Tips for Planning a Conference Session

Submitted by Cadre-Admin on Mon, 07/26/2021 - 13:33

The CADRE Team

It can be a challenge to plan a conference session that effectively engages panelists from different institutions and research backgrounds. The panelists may or may not know one another, or one another’s work. How do you plan for a dialogue that showcases each panelist and their work while also highlighting areas of overlapping interest? Here are a session designer’s strategies as remarked upon by the panelists involved in the session.

  1. Start with a vision for the session, but leave room for panelist input.

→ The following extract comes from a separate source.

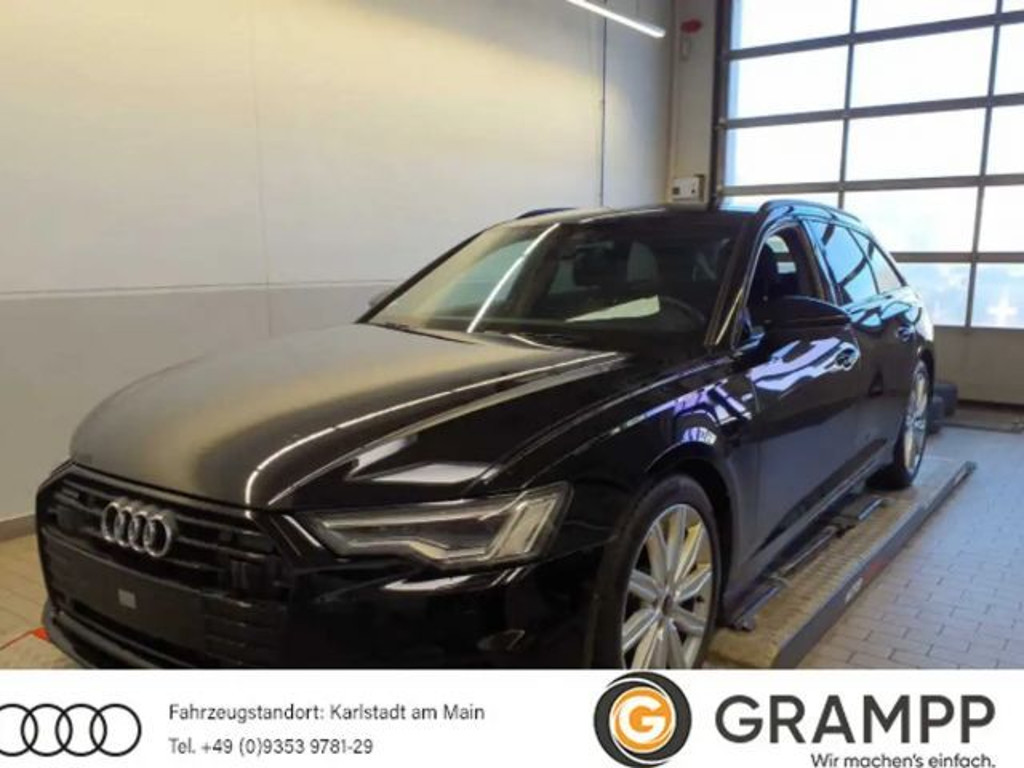 Audi A6 Quattro S-Line Sport 50 TDI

  2. Be intentional about the selection of individuals for the panel by identifying clear connections between panelists’ work while selecting projects that are different enough to contribute a unique perspective to the conversation. This approach helps ensure that audience members can find someone on the panel to connect with while also learning how that work informs/supports work in other areas. 
  3. Contact each panelist and provide a robust explanation of the purpose of the panel, with an invitation to meet and discuss. 

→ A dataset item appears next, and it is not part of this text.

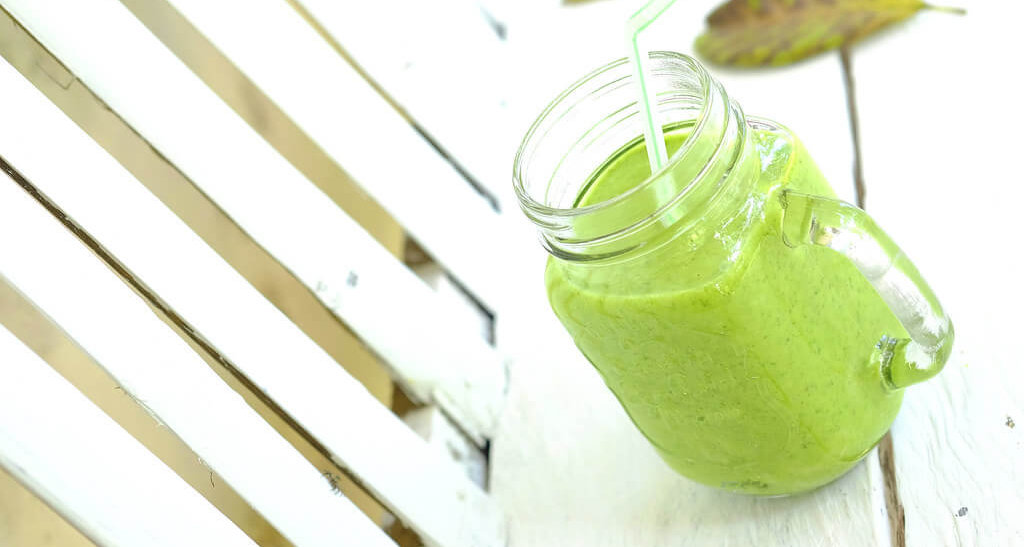 green pom pom detox juice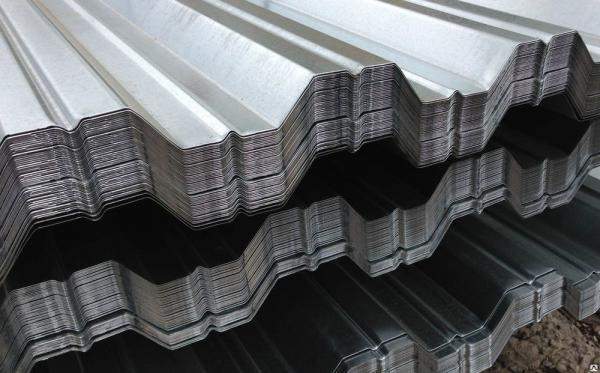 Профнастил НС35 ЦИНК толщ. 0,7мм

  4. Schedule individual meetings with each panelist to delve more deeply into the purpose of the session, why the panelist was chosen, and how their work might fit with the work of the other panelists.
  5. Request 1-2 seminal publications/resources from each panelist representing their work or work that aligns well with their personal interests/focus, and then share those publications with the other panelists so that they can become more familiar with the work.

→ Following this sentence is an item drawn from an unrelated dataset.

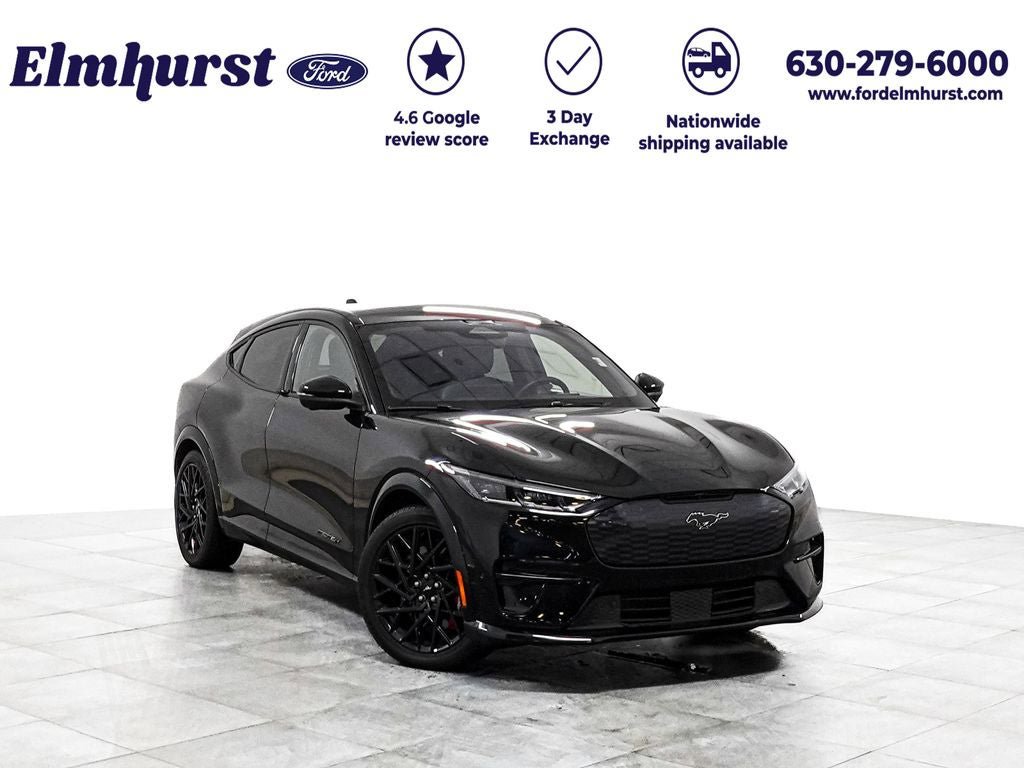 Certified 2023 Ford Mustang Mach-E GT w/ GT Performance Edition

  6. Schedule a pre-panel meeting with all of the panelists to build a foundation for the conversation at the conference. Consider facilitating part of this meeting like a modified run through of the panel session. Provide opportunities for the panelists to weigh in on the structure, content, organization of the proposed session.
  7. Invite panelists to describe their connection to the topic and how their comments during the session may complement those of other panelists. This may result in a conversation between colleagues as opposed to one between people who were largely unfamiliar with each other. 
  8. Share an outline of the final panel questions and topics to help panelists prep for the session.
  9. Follow up after each meeting with a check-in and a brief synopsis of what was discussed.